* What the task requires:
The records below hold a stretch from the line with "Left front wheel" through the line with "[WELLDERMA] Collagen Beauty"; return exactly those lines, ends included, and nothing more.

* Extracted data:
+===+
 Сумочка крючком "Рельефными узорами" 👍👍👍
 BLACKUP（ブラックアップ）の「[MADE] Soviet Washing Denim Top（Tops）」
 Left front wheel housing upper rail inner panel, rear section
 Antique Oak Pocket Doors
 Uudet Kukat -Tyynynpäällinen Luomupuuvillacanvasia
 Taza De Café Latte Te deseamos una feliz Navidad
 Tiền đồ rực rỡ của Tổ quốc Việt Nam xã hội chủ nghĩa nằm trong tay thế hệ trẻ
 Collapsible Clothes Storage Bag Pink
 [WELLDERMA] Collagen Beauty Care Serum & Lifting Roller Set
+===+
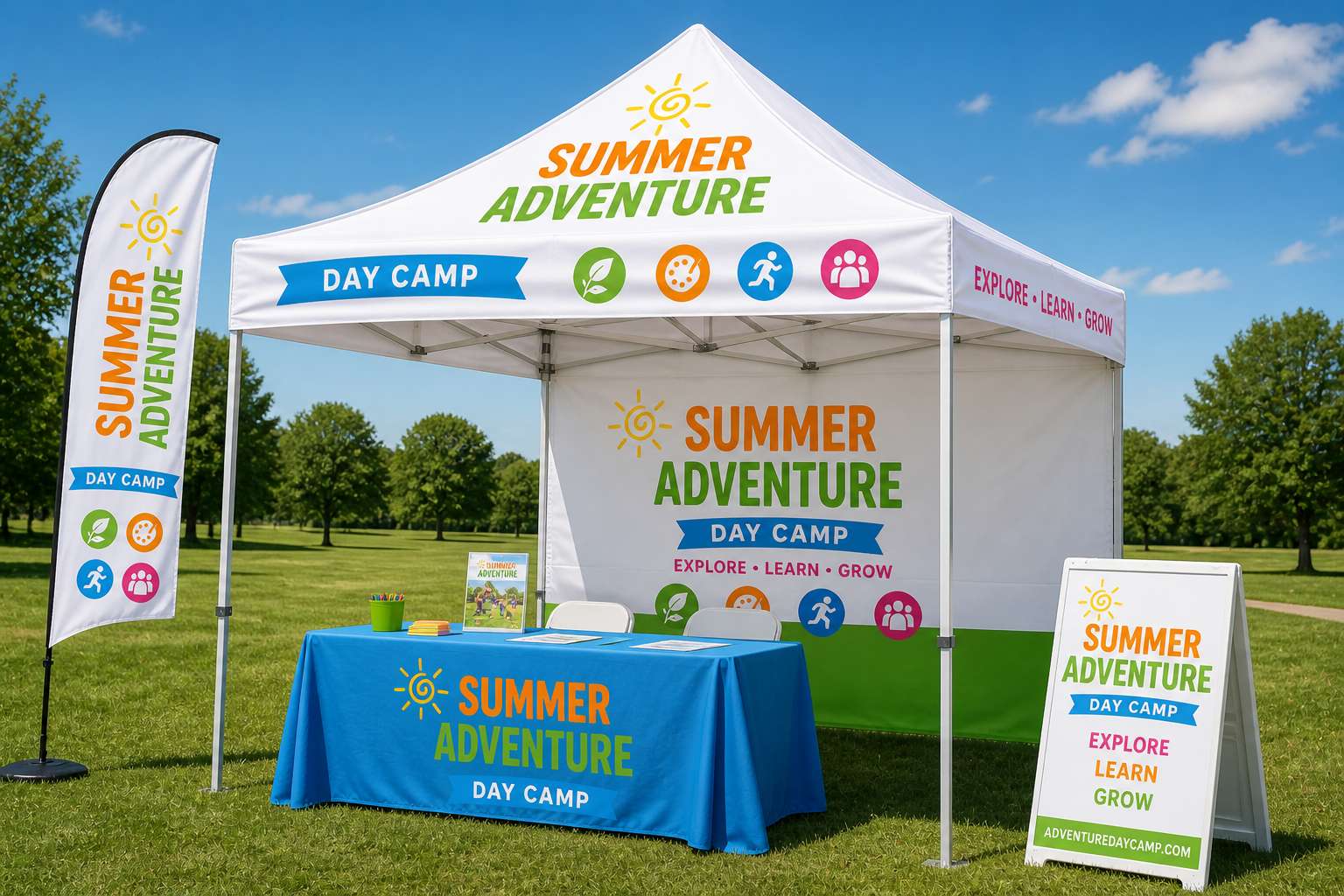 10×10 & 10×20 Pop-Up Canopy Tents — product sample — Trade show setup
+===+
* Solution to the exercise:
 Left front wheel housing upper rail inner panel, rear section
 Antique Oak Pocket Doors
 Uudet Kukat -Tyynynpäällinen Luomupuuvillacanvasia
 Taza De Café Latte Te deseamos una feliz Navidad
 Tiền đồ rực rỡ của Tổ quốc Việt Nam xã hội chủ nghĩa nằm trong tay thế hệ trẻ
 Collapsible Clothes Storage Bag Pink
 [WELLDERMA] Collagen Beauty Care Serum & Lifting Roller Set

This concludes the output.